Winter in Austin is pretty short so I particularly enjoy the few evenings when it is chilly enough to have a fire.  The cats enjoy it too and make for a very cosy scene.


It is also a good time for hand quilting and knitting. I work away while Steve reads to me.  Thankfully once he finished "The Merovingian Kingdoms 450-751" he turned to biographies of Thomas Jefferson and George Washington and has even been persuaded to slip in a little of "The Hobbit" here and there.

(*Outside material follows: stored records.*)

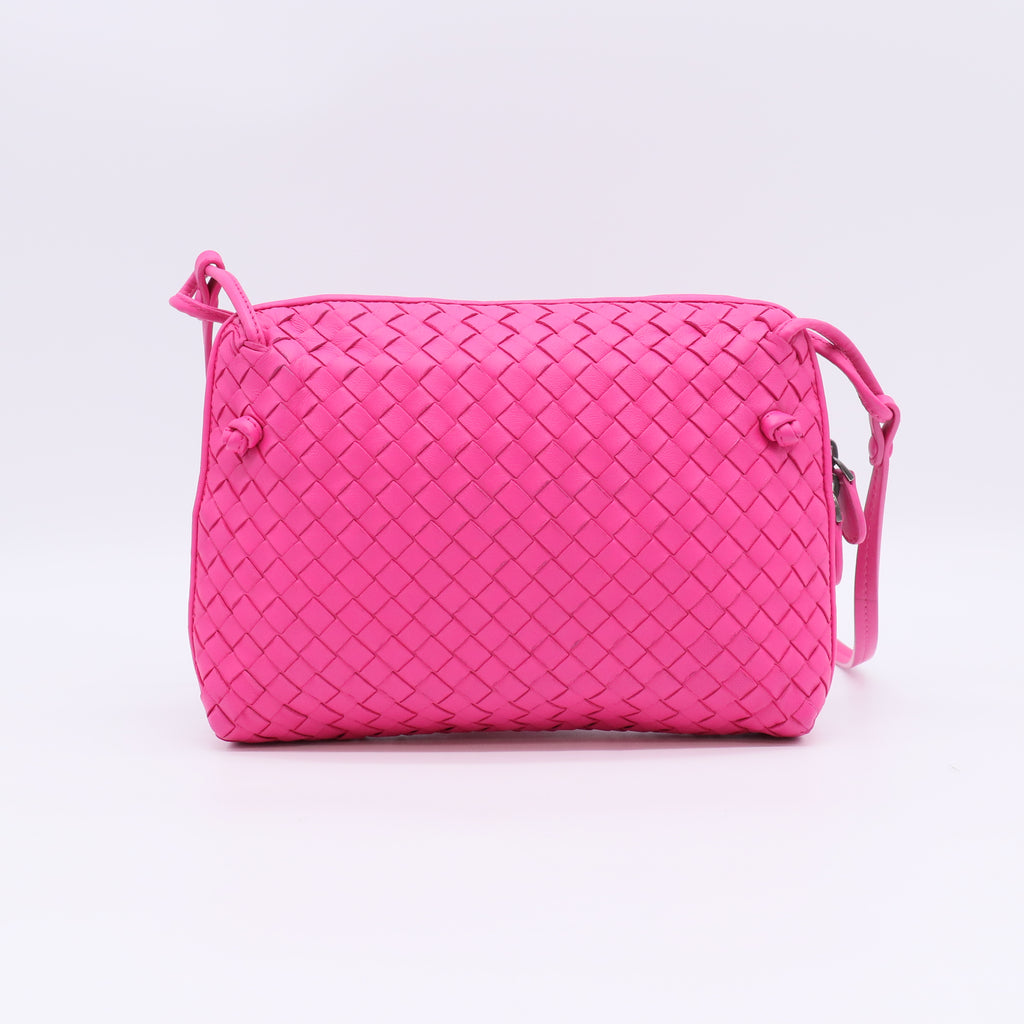 Bottega Veneta Nappa Intrecciato Small Nodini Bag in Shocking Pink B23213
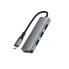 USB-хаб зовнішній 4 порти ACEFAST J15 Type-C 0.15 м сріблястий (RZN-23106535)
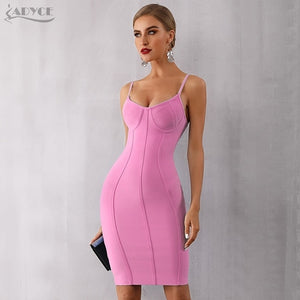 Summer Bodycon Bandage Dress Women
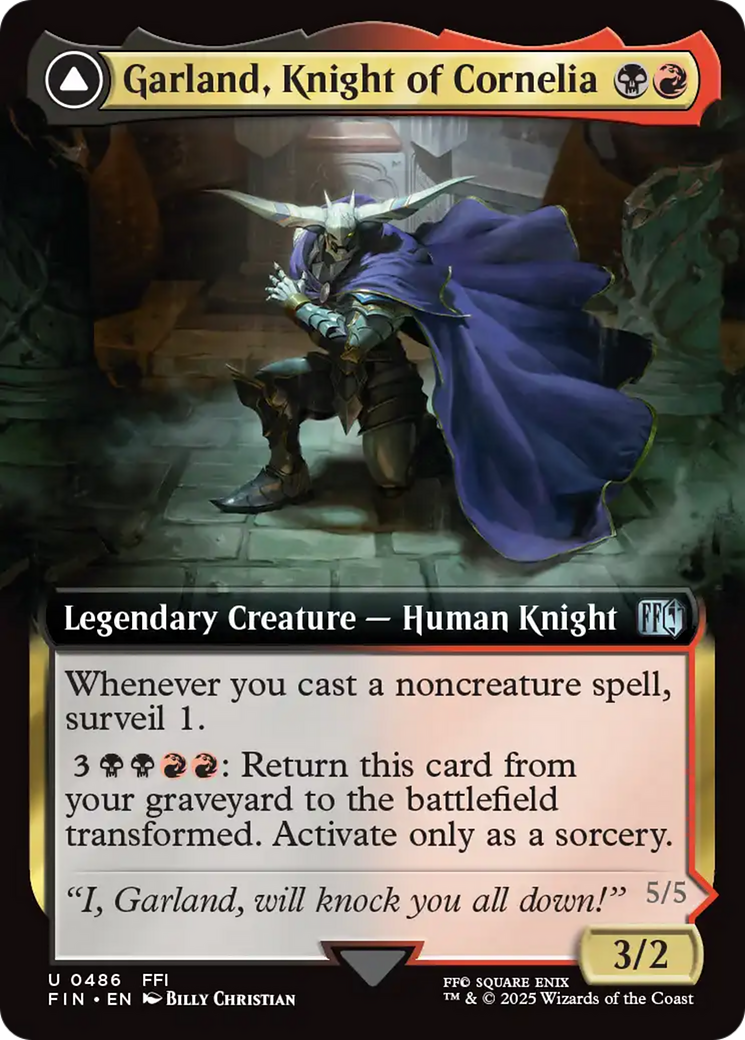 Image of Garland, Knight of Cornelia (Extended Art) (FIN-486) - FINAL FANTASY: (Extended Art)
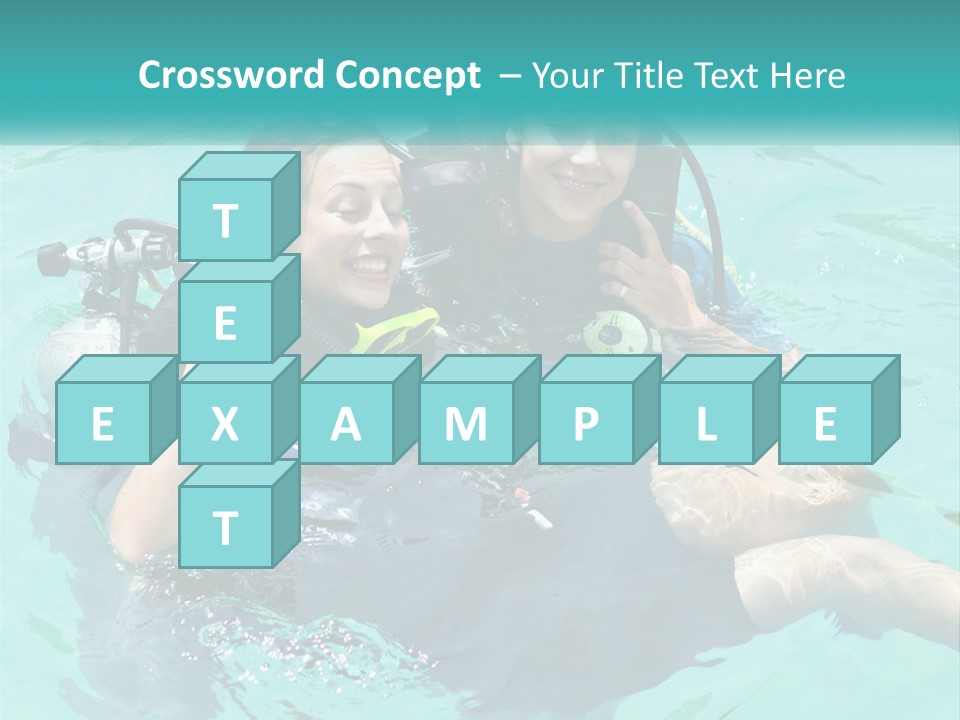 A Couple Of People That Are In The Water PowerPoint Template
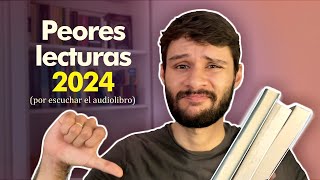 Mis 3 PEORES lecturas del 2024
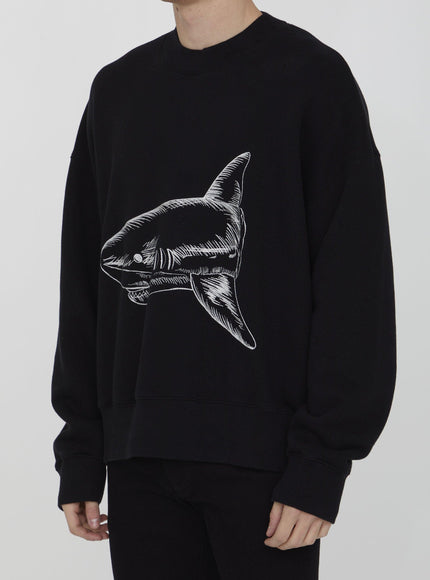Palm Angels Broken Shark Print Sweatshirt - Ellie Belle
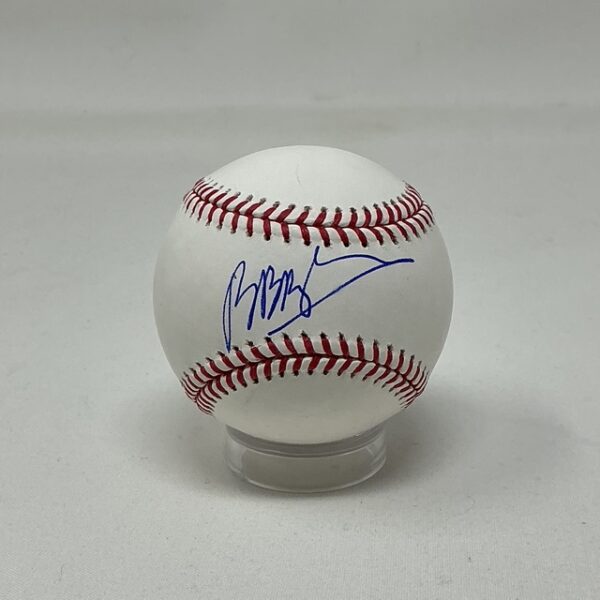 Brian Baumgartner Autographed The Office ROML Baseball JSA COA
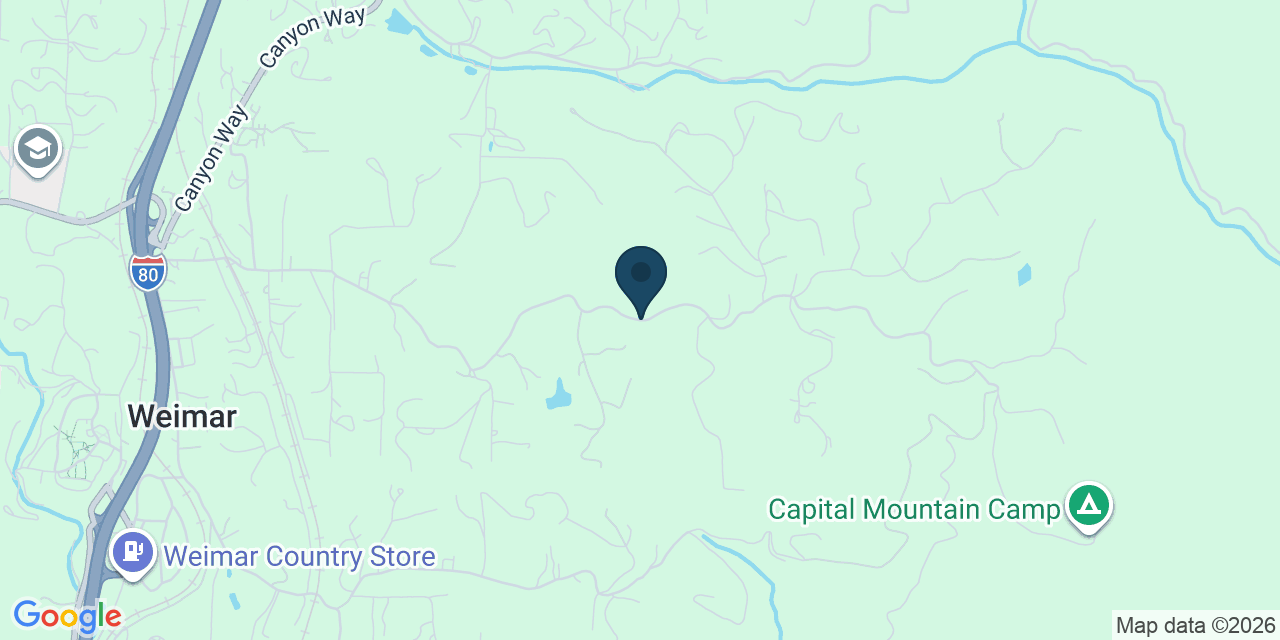 Map showing Placer County, CA
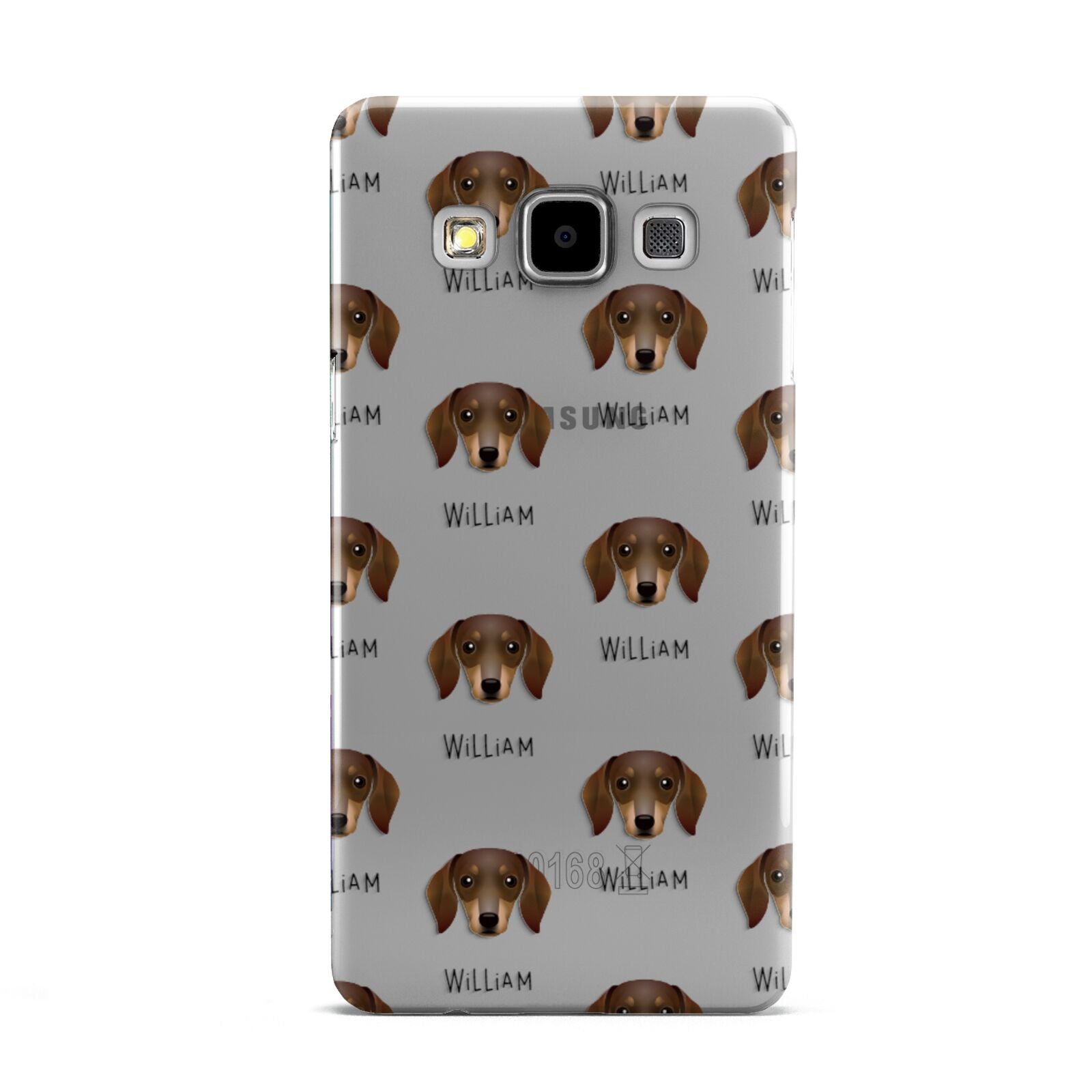 Dachshund Icon with Name Samsung Galaxy A5 Case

I have been working on my Antarctica piece and expect to finish it right about when Bilbo makes it back to his snug little hobbit hole.

Friday, January 17, 2014

Reminiscing in New York City

We went to New York the week before Christmas to hear the girls sing Christmas vespers with their school choir.  I had a day to myself before meeting up with them and took the opportunity to wander around Chelsea, the neighborhood in which we stayed, and to reminisce about the New York of my childhood.

Inside Chelsea Market

Several times a year my mother and I would walk to the end of our block in Queens, climb the stairs up to the El (the elevated) and board a train. A few stations along my grandmother would join us and we would travel together into the city (Manhattan). Our destination was always the same:  Macy's, Herald Square.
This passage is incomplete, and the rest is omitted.